La vizcondesa comprendió aquella mirada, y entendió estas palabras; y dirigiéndose a la viuda, dijo: —Permítame Vuestra Alteza ejecutar aun por un momento el papel de princesa. Quiero dar las gracias al señor barón de Canolles, en nombre de los ilustres señores que han abandonado este castillo, por el respeto que ha mostrado y la delicadeza de que ha hecho uso en el cumplimiento de una misión tan difícil. Me atrevo a pensar, señora, que Vuestra Alteza es de este parecer, y a esperar en consecuencia que unirá sus acciones de gracias a las mías.

La viuda, movida por estas palabras tan firmes, entreviendo tal vez en ellas con su profunda sagacidad una de las caras de aquel nuevo secreto ingerido en el primero, pronunció entonces con voz no exenta de cierta emoción, las siguientes palabras:

—Caballero, para todo cuanto habéis hecho contra nosotros, olvido, para cuanto habéis hecho en favor de nuestra casa, gratitud.

Canolles puso una rodilla en tierra ante la princesa, que le dio a besar la misma mano que tantas veces había besado Enrique IV.

Éste era el complemento de la escena, la irremisible despedida, y ya no le quedaba al barón más recurso que partir, como iba a hacerlo la señora de Cambes.

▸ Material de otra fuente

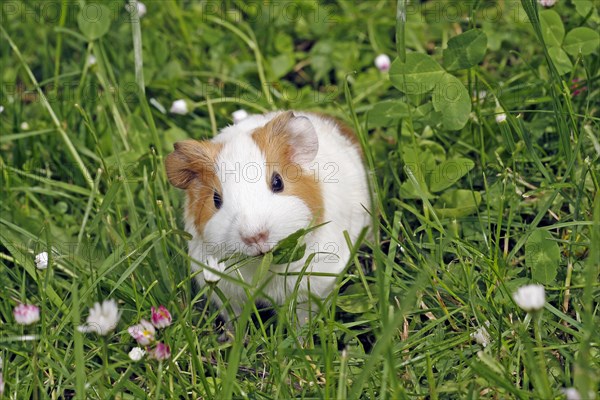 Guinea Pig pigs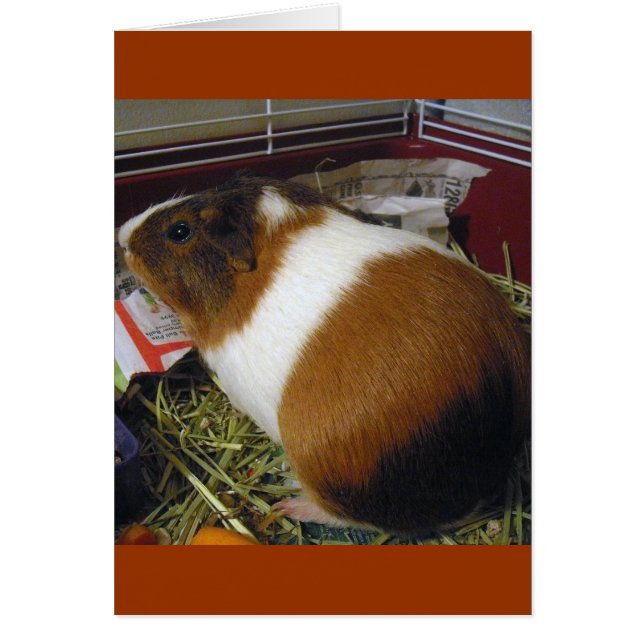 Guinea Pig (Front)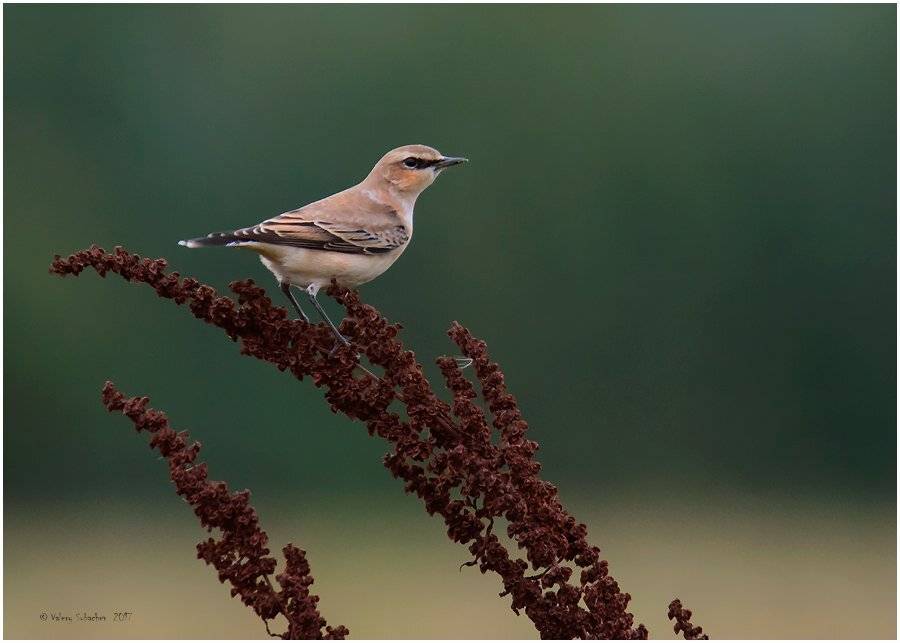 , Валерий Субачев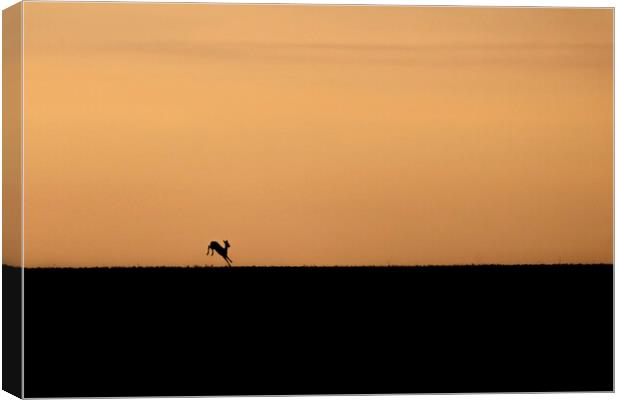 Deer into the sunrise in the Cotswolds  Canvas Print by Jonathan Thirkell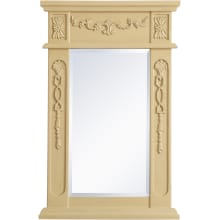 Lenora 28" x 18" Rectangular Beveled Wood Framed Accent Mirror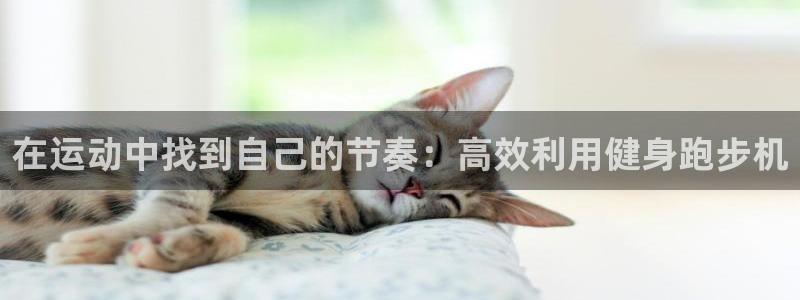 龙8国际电子游戏
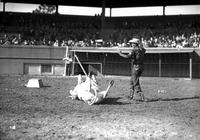 [Unidentified cowboy with trick steer laying on its back in arena]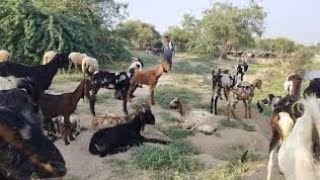 Goats having funny videos 2 goat behind that 😱😱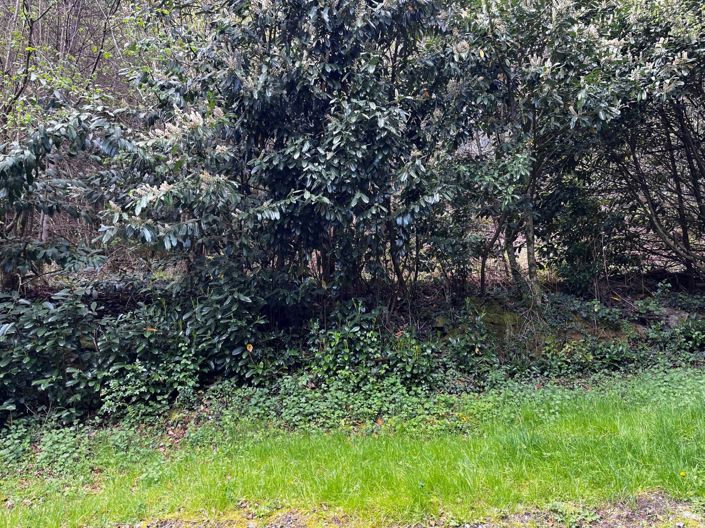 Image No.8-Propriété de 1 chambre à vendre à L'Église-aux-Bois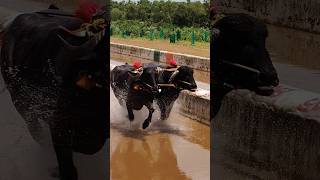 Kambala kambula trending today training [upl. by Leima]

Retiróse, pues, a su habitación, y apresuróse a escribir a Mazarino el pliego más desesperado que pudo concebir, este pliego debía sustraerle a las primeras impresiones del momento de sorpresa. Atravesó después las filas de los sirvientes del castillo, no sin temor de recibir sus insultos, y bajó hasta el patio, en que se le tenía dispuesto su caballo.

En el momento de poner el pie en el estribo, una voz imperiosa pronunció estas palabras:

«Honor al enviado de Su Majestad el rey nuestro señor».

Estas palabras hicieron humillar todas las frentes ante el barón, que después de haberse inclinado ante la ventana en que se hallaba la princesa, metió espuelas al caballo y desapareció con la cabeza erguida.

Castorín, desencantado del hermoso sueño que Pompeyo en su precaria calidad de mayordomo le había inspirado, siguió a su amo cabizbajo.